Genitore 1 è prudente, si sa, per cui il figlio non può fare nulla che lo metta minimamente il pericolo: in pratica, il figlio non piò fare nulla. Nulla che sia al di fuori della sua cameretta, con le pareti imbottite, e la culletta con le sponde, fino all’età di undici anni. Genitore 1, proprio perché è una brava persona, con qualche turba (ma chi non ne ha in fondo), quando è al parco, non perde mai d’occhio il proprio figlio ma manco quelli degli altri. Bimbi che vanno da 0 a 33 anni. Osserva, richiama, urla, telefona a Chi l’ha Visto, quando è uscito fuori dal suo cono visivo il figlio di un’amica del marito di una sua lontana conoscente, che andava in classe con il nonno della nuora del cugino di una vicina di casa di sua nipote, di cui non sa manco chi sia la mamma. Genitore 1 torna a casa con un male di capa, per questa sua incapacità di rilassarsi, che una volta al mese lo ricoverano per emicrania con grappoli.

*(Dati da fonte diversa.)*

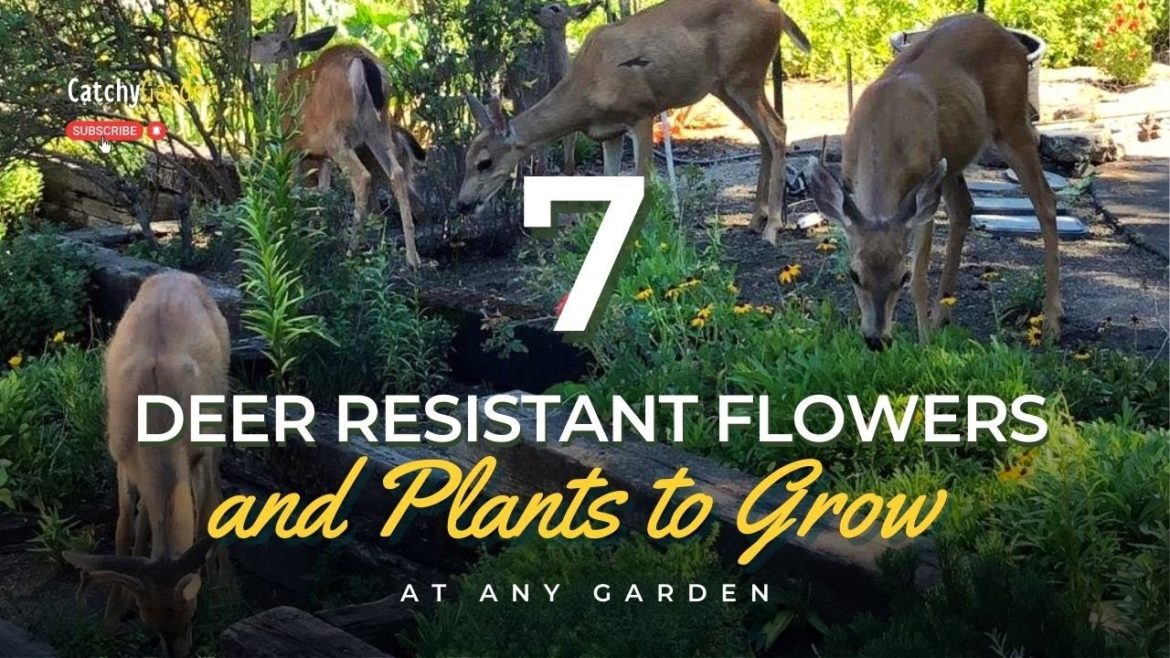7 Best Deer Resistant Flowers and Plants to Grow at Any Garden 🌸🌹🌺 // Gardening Tips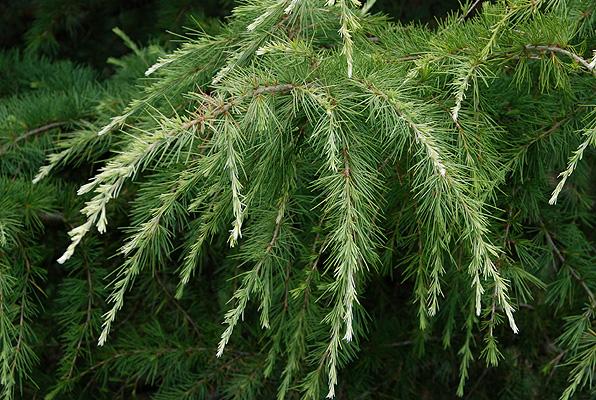 Cedrus Deodara Albo Spica - View 4 from www redcrocus com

Genitore 1 crede nell’importanza di regole ferratissime ed inviolabili, che vanno dalla reciprocità degli inviti fra i bimbi, dell’alternanza di impegni solidali con le altre mamme del quartiere, a quella di occuparsi della merenda dei bambini, una volta per ciascuno. Motivo in più perché le emicranie peggiorino.

Crede nel rispetto della panchina del parco, della lucertola che deve attraversare senza che nessuno ne calpesti la coda, nella bontà e nella purezza di tutti i bimbi. E i grappoli aumentano.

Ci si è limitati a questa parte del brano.